PROBLEM DETAILS: Copy word for word the lines in the records below, starting at the line with "The Mind, John" and ending at the line with "Ensemble Polo & Short". Skip the pictures.

RECORDS SUPPLIED:
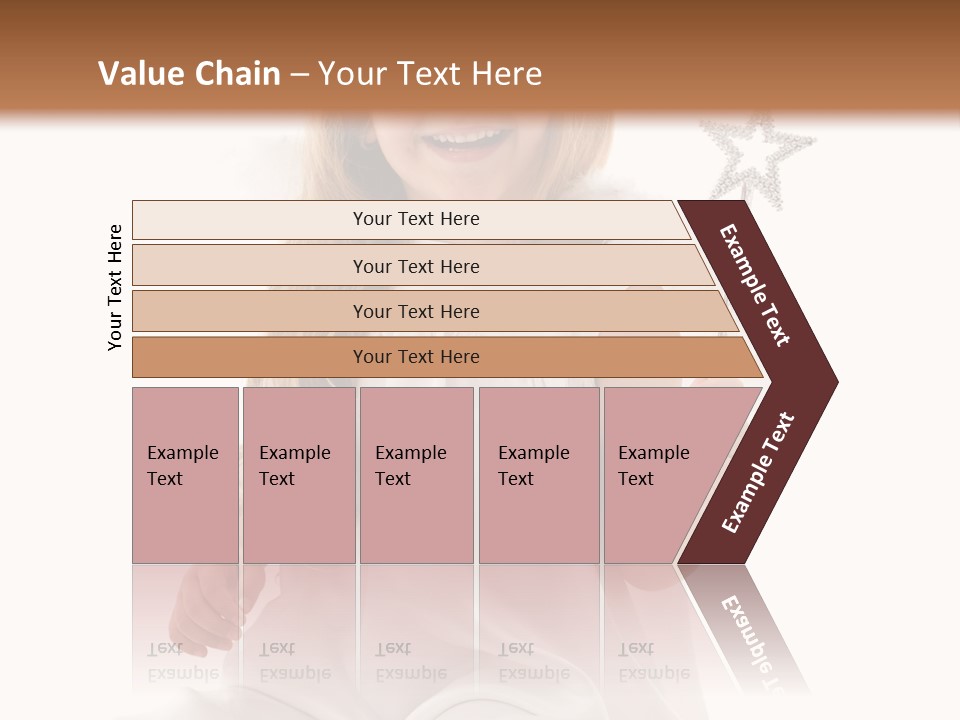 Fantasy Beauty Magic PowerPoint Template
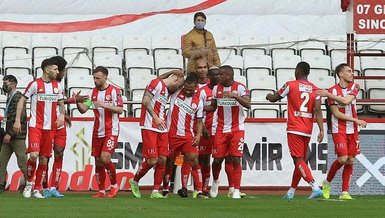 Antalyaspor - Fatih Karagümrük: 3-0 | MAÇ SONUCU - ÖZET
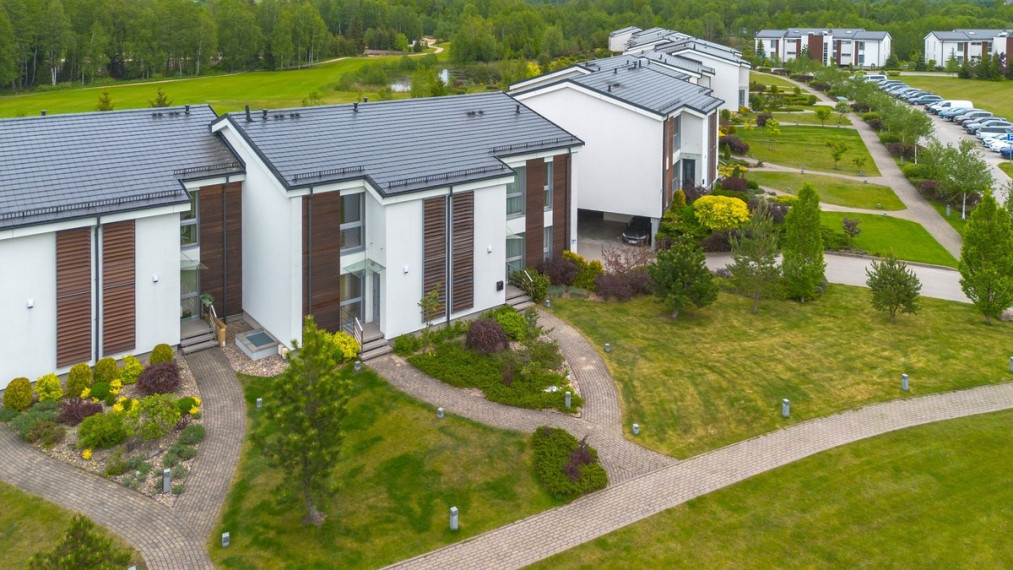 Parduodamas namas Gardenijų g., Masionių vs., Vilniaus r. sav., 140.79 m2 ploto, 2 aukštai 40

---

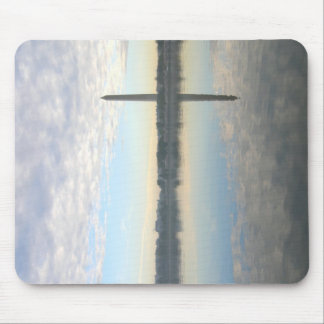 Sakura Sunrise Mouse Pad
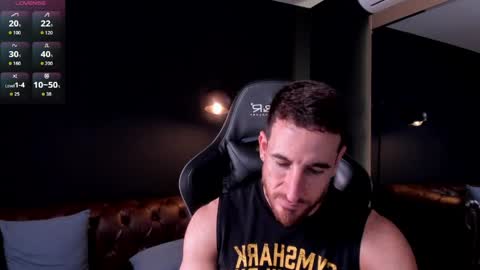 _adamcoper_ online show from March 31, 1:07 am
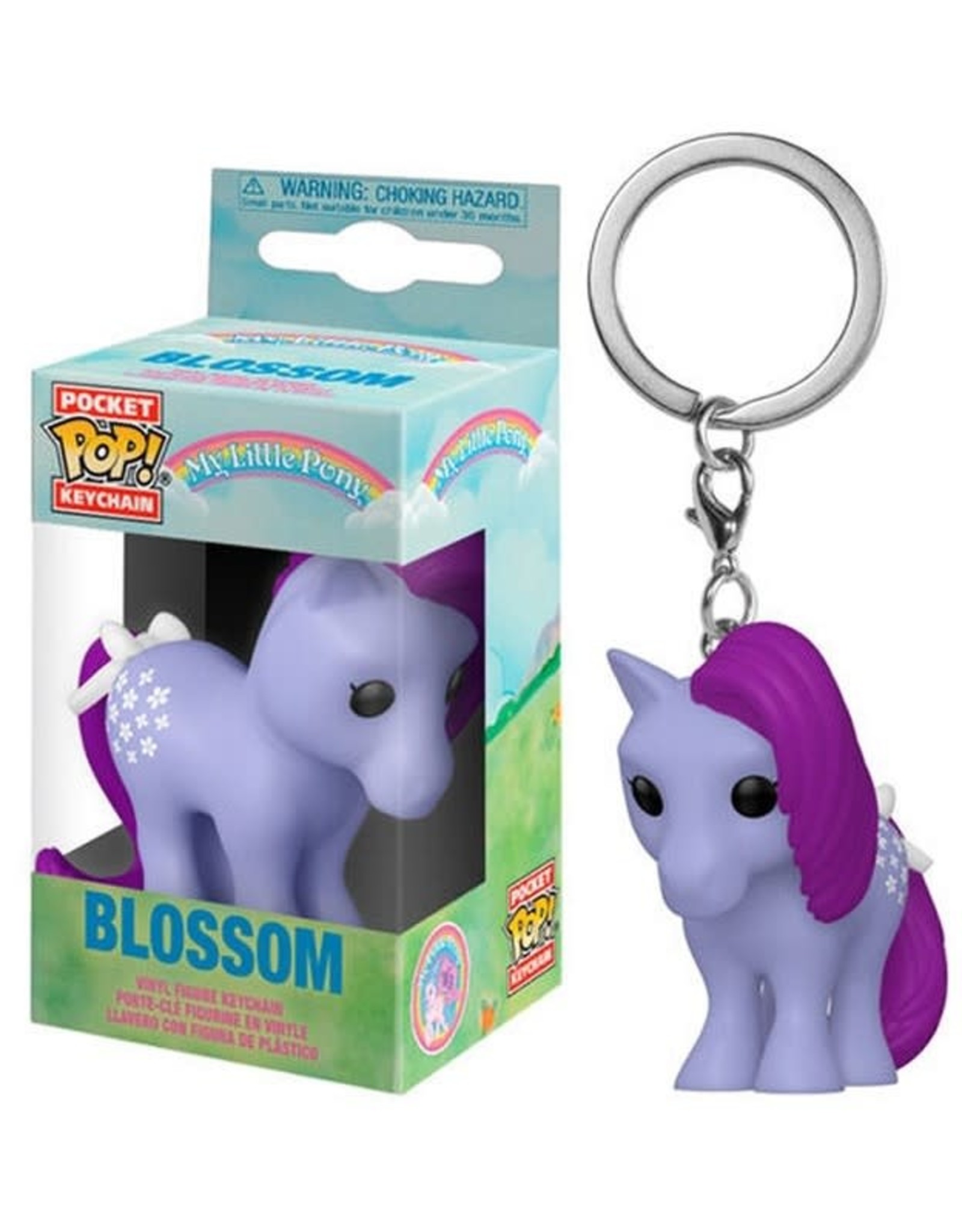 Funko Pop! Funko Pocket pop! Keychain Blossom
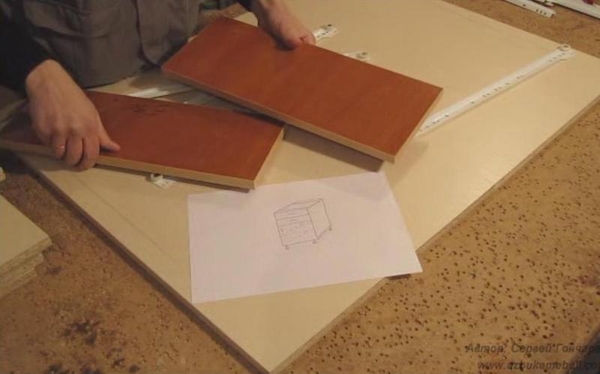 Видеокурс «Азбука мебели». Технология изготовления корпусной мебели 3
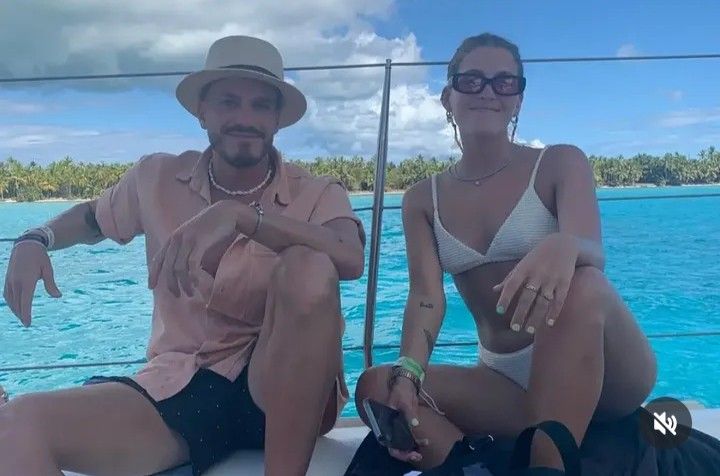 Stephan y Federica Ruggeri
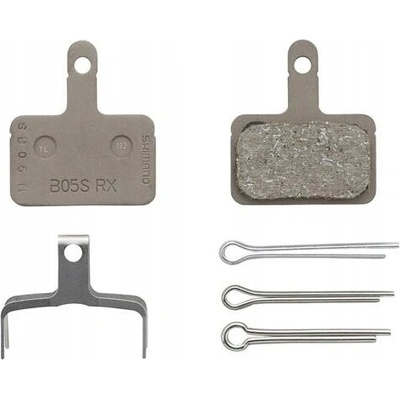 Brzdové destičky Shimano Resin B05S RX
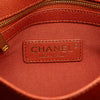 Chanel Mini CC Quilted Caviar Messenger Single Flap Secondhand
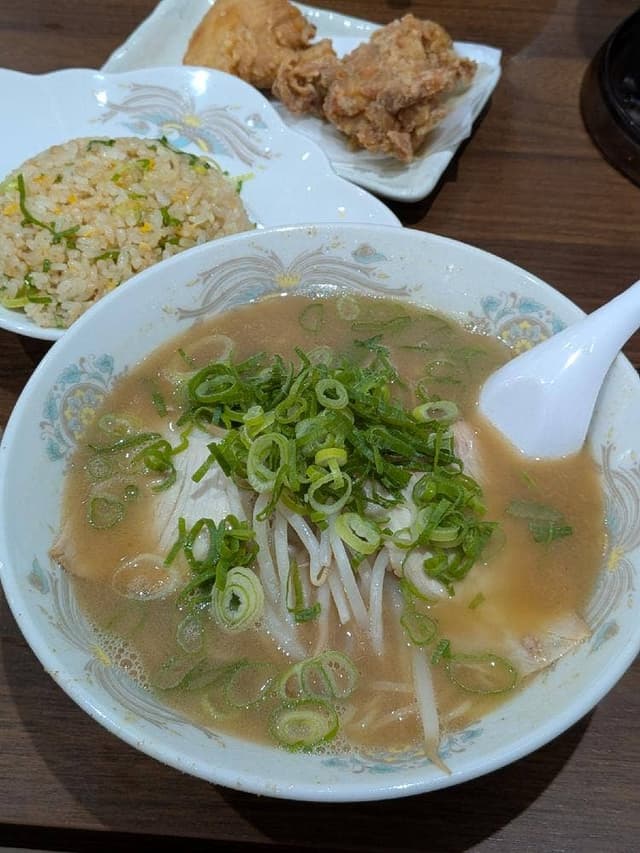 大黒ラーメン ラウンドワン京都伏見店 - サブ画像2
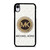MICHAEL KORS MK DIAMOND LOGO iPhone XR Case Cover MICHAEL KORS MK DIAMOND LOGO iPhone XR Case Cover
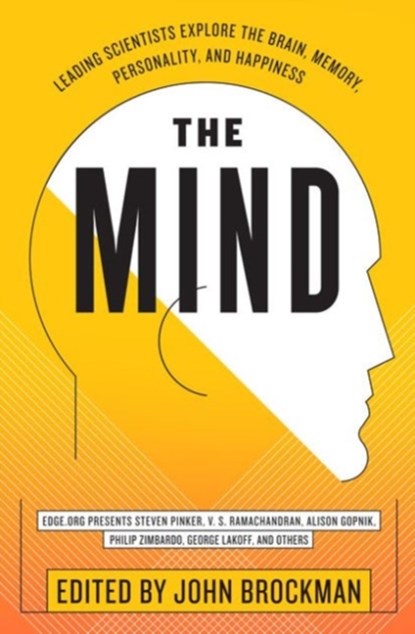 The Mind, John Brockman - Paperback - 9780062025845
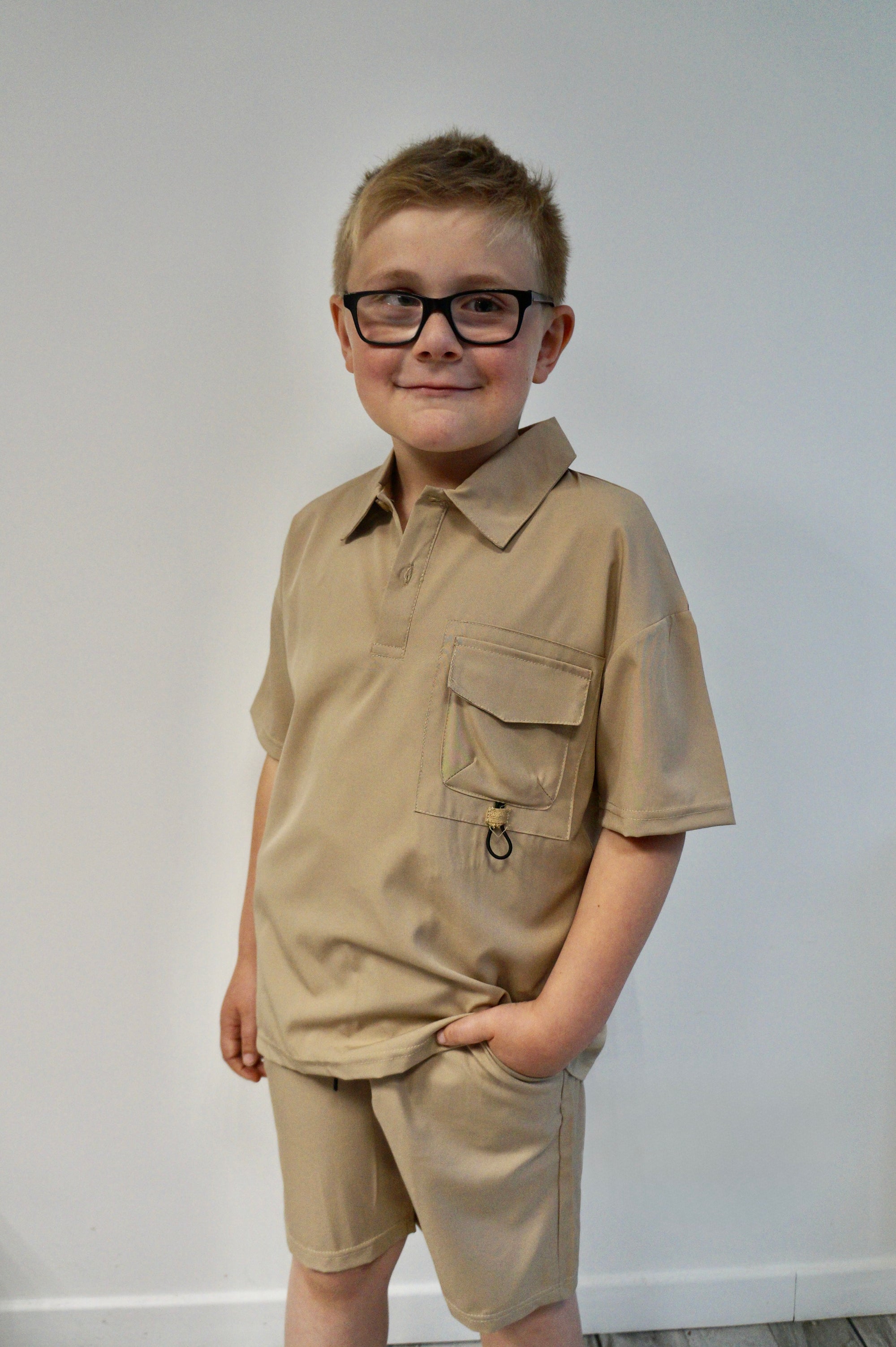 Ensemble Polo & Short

OUTPUT FOR THIS EXERCISE:
 The Mind, John Brockman - Paperback - 9780062025845
 Ensemble Polo & Short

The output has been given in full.